Levels started to go up because of typical spring melt in April, but consistent lack of moisture led Lake Ontario to drop again into summer.
Late June and early July water levels ran more than a foot below average, causing problems for some boaters and marinas.
The trend switched in July as rains across the basin went above average. Rochester ranked as fifth wettest July on record.
The International Joint Commission (IJC) is working toward making sure water levels remain at a desired level by monitoring forecasts and adjusting levels at various dams across the Great Lakes.
Jane Corwin, US Chair of the International Joint Commission addressed the public in a webinar on Friday, August 27, acknowledged how difficult the flooding has been and the direct contrast that is to 2021.
“Many of us find ourselves faced with the opposite trend of low water and drought conditions across most of the US Canadian Border. We understand that conditions have been very challenging for many of you and we want you to know that we are listening.”
Aaron Thompson, Canadian co-chair of the Intl Niagara board of control noted that 2015 to 2019 was the wettest stretch on record for the Great Lakes period. That was followed by significant drought conditions in May 2021.
Nearly all of the Ottawa River Basin ran at drought conditions through the spring, that contributes in dictating water flow through the Moses-Saunders Dam. Flow is calculated using Plan 2014 that takes into account environmental impacts, Great Lakes inflow, Municipal water intakes, commercial navigation, ice management, and downstream flooding.
The international Lake Ontario St. Lawrence River board is run by three Canadians and three Americans.

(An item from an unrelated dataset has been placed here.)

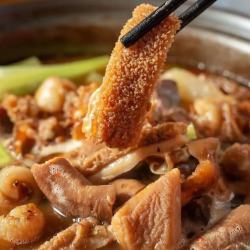 云鲜美新鲜广式风味菜肴牛腩牛杂煲2盒装500g盒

According to the ILOSLRB, changing flow through the Moses Saunders dam can dramatially alter water levels at Lake St. Louis and Montreal. These flows are being analyzed by the Great Lakes Adaptive Management (GLAM) team that is working on an expedited review of Plan 2014. This has supported deviations of decisions to prevent peak water levels seen in both 2017 and 2019. This should be done by October 2021.